*YOUR OBJECTIVE*
Begin with the line containing "Rovetti Table Lamp — product view 13" and copy each line exactly through the last line of the entries, inclusive.

[[ INPUT open ]]

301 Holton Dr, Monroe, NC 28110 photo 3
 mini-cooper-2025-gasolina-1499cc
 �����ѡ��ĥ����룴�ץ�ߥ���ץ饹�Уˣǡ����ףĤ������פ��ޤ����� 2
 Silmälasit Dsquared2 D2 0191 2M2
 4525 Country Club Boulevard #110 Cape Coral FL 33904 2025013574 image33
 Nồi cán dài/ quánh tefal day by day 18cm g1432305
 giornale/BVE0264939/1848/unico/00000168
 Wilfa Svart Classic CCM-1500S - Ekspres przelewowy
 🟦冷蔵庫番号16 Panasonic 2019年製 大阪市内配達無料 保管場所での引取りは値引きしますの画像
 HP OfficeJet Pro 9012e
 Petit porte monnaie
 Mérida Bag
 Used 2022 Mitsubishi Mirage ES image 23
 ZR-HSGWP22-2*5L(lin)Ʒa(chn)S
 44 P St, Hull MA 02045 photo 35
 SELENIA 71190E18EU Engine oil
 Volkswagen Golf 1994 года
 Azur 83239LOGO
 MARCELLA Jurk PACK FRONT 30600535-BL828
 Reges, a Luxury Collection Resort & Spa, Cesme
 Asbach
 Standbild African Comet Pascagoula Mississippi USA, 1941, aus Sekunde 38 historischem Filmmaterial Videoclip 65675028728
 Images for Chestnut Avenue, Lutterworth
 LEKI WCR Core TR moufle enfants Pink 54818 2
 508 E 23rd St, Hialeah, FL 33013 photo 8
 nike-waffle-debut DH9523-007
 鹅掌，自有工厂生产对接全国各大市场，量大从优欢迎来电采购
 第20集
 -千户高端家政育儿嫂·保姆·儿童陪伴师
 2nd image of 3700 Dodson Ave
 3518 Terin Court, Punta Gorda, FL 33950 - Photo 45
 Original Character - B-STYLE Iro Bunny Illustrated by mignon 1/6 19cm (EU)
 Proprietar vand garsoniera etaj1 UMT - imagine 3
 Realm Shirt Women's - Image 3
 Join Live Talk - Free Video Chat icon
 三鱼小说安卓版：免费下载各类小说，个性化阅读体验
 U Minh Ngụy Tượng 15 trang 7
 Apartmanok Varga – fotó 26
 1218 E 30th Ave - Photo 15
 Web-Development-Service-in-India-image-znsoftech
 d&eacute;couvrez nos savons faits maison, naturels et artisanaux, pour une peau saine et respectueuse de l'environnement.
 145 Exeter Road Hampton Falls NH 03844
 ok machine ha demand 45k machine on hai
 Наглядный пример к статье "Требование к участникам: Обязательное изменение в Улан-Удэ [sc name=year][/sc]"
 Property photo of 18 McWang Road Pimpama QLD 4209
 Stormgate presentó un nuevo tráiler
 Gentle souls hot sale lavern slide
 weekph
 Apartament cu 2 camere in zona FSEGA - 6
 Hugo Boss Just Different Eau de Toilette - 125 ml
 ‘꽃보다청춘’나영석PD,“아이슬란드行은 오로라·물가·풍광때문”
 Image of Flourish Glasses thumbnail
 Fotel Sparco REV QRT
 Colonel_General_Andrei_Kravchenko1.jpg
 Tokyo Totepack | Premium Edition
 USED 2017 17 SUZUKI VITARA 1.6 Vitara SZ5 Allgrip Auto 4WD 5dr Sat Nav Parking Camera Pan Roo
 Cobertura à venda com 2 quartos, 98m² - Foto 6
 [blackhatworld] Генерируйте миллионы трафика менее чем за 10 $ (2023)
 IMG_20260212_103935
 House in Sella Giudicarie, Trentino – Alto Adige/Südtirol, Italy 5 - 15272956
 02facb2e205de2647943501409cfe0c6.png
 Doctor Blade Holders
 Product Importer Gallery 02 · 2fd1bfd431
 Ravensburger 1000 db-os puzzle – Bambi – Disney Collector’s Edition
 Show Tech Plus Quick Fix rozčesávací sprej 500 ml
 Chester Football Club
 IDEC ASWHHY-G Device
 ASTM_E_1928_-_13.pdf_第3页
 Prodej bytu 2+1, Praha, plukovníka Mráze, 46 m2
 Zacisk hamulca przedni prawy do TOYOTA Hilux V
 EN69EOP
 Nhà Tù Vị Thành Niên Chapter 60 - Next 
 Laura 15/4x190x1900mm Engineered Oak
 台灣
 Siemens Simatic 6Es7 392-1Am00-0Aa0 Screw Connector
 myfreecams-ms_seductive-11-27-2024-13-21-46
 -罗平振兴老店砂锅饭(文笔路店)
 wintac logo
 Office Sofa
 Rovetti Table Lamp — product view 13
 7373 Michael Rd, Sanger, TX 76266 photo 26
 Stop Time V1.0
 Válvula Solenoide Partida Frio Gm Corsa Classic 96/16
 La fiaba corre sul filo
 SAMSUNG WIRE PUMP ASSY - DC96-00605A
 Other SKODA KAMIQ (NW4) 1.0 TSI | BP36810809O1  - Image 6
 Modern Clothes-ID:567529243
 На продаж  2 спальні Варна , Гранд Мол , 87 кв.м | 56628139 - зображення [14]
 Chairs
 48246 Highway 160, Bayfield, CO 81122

[[ INPUT closed ]]

*RESPONSE*
 Rovetti Table Lamp — product view 13
 7373 Michael Rd, Sanger, TX 76266 photo 26
 Stop Time V1.0
 Válvula Solenoide Partida Frio Gm Corsa Classic 96/16
 La fiaba corre sul filo
 SAMSUNG WIRE PUMP ASSY - DC96-00605A
 Other SKODA KAMIQ (NW4) 1.0 TSI | BP36810809O1  - Image 6
 Modern Clothes-ID:567529243
 На продаж  2 спальні Варна , Гранд Мол , 87 кв.м | 56628139 - зображення [14]
 Chairs
 48246 Highway 160, Bayfield, CO 81122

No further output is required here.